[R]eading List for Andrej Karpathy’s “Busy person’s intro to Large Language Models” Video

FallMindless3563@alien.top · 3 years ago

[R]eading List for Andrej Karpathy’s “Busy person’s intro to Large Language Models” Video

akardashian@alien.top · 3 years ago

thanks for compiling!

um-xpto@alien.top · 3 years ago

Nice! Thank you for your work.

Regarding the video.

Q1) minute 14:14 Finetuning into an Assistant, when you have multiple tasks / datasets with diverse outputs how is training performed ? Are all datasets combined in a single training ? Or Is finetuning done over a previous finetuning ? Or the question is parsed and sent to a specific model ?

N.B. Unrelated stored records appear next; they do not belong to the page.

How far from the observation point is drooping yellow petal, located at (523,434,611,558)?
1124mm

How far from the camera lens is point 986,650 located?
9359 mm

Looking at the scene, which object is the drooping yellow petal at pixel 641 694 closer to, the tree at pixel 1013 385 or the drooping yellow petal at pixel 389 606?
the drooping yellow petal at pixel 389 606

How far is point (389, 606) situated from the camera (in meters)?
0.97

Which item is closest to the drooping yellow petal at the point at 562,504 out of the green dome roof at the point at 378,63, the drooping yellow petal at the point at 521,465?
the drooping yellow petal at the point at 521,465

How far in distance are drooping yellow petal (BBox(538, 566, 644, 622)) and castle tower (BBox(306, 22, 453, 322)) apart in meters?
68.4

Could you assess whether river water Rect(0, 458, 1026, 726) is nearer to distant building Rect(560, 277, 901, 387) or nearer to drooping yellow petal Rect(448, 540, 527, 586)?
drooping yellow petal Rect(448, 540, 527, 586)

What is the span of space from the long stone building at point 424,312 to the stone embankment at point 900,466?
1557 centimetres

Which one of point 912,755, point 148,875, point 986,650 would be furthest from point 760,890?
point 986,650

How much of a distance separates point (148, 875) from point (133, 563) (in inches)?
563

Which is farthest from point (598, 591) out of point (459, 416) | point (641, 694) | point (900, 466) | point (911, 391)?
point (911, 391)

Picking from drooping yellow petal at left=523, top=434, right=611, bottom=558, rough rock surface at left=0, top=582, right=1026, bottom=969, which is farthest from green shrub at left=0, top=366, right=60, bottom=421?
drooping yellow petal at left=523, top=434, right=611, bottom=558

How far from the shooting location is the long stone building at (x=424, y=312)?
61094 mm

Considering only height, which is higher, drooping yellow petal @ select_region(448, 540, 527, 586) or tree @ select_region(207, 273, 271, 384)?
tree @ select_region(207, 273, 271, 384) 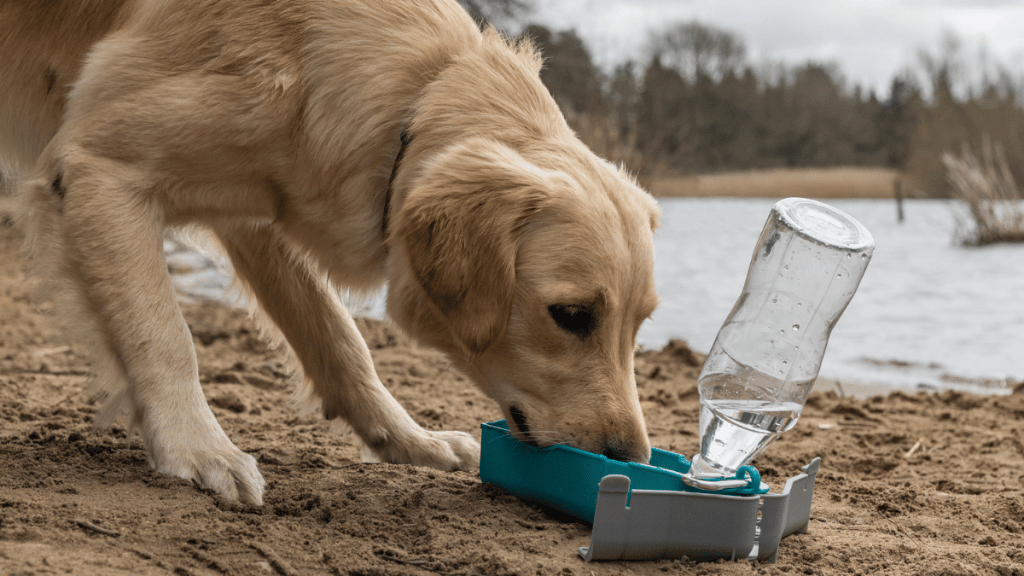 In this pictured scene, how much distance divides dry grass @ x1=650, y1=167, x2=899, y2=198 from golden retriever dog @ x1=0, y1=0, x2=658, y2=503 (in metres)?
19.4

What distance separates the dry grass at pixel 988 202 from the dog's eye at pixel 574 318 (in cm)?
1499

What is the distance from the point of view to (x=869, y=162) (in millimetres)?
32594

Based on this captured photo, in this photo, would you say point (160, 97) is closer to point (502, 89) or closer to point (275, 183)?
point (275, 183)

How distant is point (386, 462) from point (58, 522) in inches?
52.6

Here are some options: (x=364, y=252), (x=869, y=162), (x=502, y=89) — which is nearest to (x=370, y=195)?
(x=364, y=252)

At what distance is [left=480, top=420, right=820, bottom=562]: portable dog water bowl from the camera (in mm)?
2062

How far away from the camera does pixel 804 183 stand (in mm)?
26984

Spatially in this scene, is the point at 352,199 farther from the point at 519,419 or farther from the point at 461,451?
the point at 461,451

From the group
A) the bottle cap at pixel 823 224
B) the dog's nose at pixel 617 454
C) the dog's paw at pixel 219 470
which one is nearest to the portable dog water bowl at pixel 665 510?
the dog's nose at pixel 617 454

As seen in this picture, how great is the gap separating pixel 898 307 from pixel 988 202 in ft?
25.5

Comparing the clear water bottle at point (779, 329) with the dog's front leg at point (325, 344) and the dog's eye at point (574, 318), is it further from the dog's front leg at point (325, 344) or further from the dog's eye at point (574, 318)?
the dog's front leg at point (325, 344)

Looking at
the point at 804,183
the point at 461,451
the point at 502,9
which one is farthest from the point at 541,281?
the point at 804,183

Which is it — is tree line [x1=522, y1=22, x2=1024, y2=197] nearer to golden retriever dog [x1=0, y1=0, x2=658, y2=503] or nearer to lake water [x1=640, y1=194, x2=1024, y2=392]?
lake water [x1=640, y1=194, x2=1024, y2=392]

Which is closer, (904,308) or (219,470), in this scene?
(219,470)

Q2) minute 27:43 Tool Use (Browser, Calculator, etc. ) Anyone has links for similar implementations for llama and how is done or what kind of tech/frameworks are used ?

Disastrous_Elk_6375@alien.top · 3 years ago

Q2) minute 27:43 Tool Use (Browser, Calculator, etc. ) Anyone has links for similar implementations for llama and how is done or what kind of tech/frameworks are used ?

The naive way is to use langchain, but that’s hit and miss for several reasons, and whatever you build will be held together by duct tape and prayers. Alternative frameworks include Haystack and Griptape.

I’ve found that for local models the best tool-usage you can get is by using an advanced control library. This gives you a lot of flexibility in organising the prompts and “helping” the local models a lot. Guidance and LMQL are two such libraries.

um-xpto@alien.top · 3 years ago

Thanks. Guidance seems a good fit I’ll start looking for more info.

FallMindless3563@alien.top · 3 years ago

You certainly can combine all the tasks and datasets into a single instruction fine tuning dataset. Then you would have a separate dataset for the reinforcement learning half where the model is learning human preferences.

derpgod123@alien.top · 3 years ago

Only papers to read no books?

FallMindless3563@alien.top · 3 years ago

The only book he explicitly mentions is “Thinking Fast and Slow” by Daniel Kahneman, but I think there are a ton of books that would be great resources along side the papers. I just happened to pull a lot of the papers from the footnotes and concepts he mentioned.

Maykey@alien.top · 3 years ago

I haven’t watch the talk, but I think the reading list should have some love for SSM. (S4, S5, H3): on one hand their variants are very prominent on long range arena on other they are relatively “unknown”.

They are not unknown to researchers seeing how many variants there are, but there are hundreds more videos and blogs explaining transformers. If you find a course about LLM, it will likely include Transformers but not SSM, so I think their success in LRA and absence in learning materials qualifies them for “dive in deeper” list.

coumineol@alien.top · 3 years ago

Thanks but here’s the problem with this list: most of the papers mentioned are on a very high technical level, and people who would be able to understand them are probably people who have already read them. Note that Andrej was careful to keep the material at a certain level because he addresses those who want to go one step further than talking to ChatGPT, without necessarily understanding all the underlying theory.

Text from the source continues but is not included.